Tips for a smooth office relocation

November 12, 2014
in Featured Article,Office Administration

At some point, your office will likely need to pull up stakes and head out to unexplored territory, moving the staff and everything else—whether it’s two doors down the same hallway, or across town in a shiny new complex with (finally!) sufficient parking. Your preparations will fall into two categories: (1) ticking off the absolutely-must-do’s and (2) solving the hidden issues that can trip up an otherwise orderly relocation.

First of all, make sure you’ve:

1. Determined the productivity damage. An all-hands-on-deck move in which everyone pitches in to get it done in one fell swoop can be a natural team-building morale booster, but unless you pay everyone overtime to make it happen on a weekend, are you prepared for everyone falling behind—not even including the residual lost time as people get acclimated to their new home?
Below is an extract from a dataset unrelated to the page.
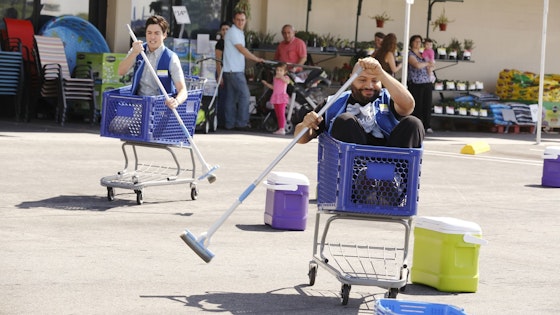 Superstore S01E01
Sit down with managers and figure out how much it’s worth to the company not to miss a beat.

2. Dispatched IT out in front of the move. Even if you’re just headed up the stairs of your building to fabulous suite 500, IT needs to assure you that every single connection will be in place and working ASAP. An IT failure during an office move can be a critical hit to a business. If staff are moving their own office equipment, make sure they know how to hook it up on the other end; have them photograph their connections to make it go smoother.

3. Told everyone who’s in charge. Every aspect of the move should fall directly under the auspices of an assigned manager, and a list should be sent around before it. Lost your power strip? See Bethany. Need new business cards with an updated address? That’s Tom. Phone not working? Go see Daryl. You need to cut the number of unanswered staff questions down to almost nil to make the process tick along effectively.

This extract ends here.